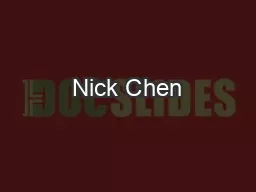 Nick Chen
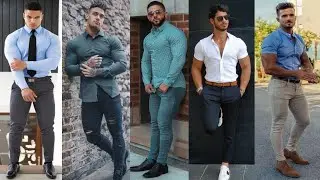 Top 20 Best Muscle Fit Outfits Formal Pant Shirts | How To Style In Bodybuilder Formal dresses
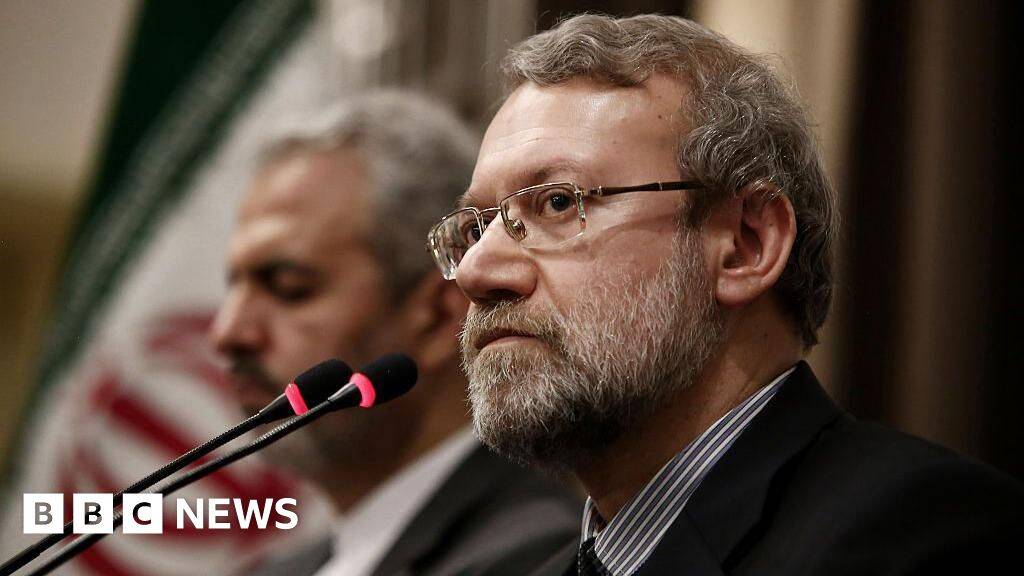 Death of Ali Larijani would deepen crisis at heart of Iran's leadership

########

Task details
Please print the data above in its entirety, exactly, but without any picture.

Result
 Nick Chen
 Top 20 Best Muscle Fit Outfits Formal Pant Shirts | How To Style In Bodybuilder Formal dresses
 Death of Ali Larijani would deepen crisis at heart of Iran's leadership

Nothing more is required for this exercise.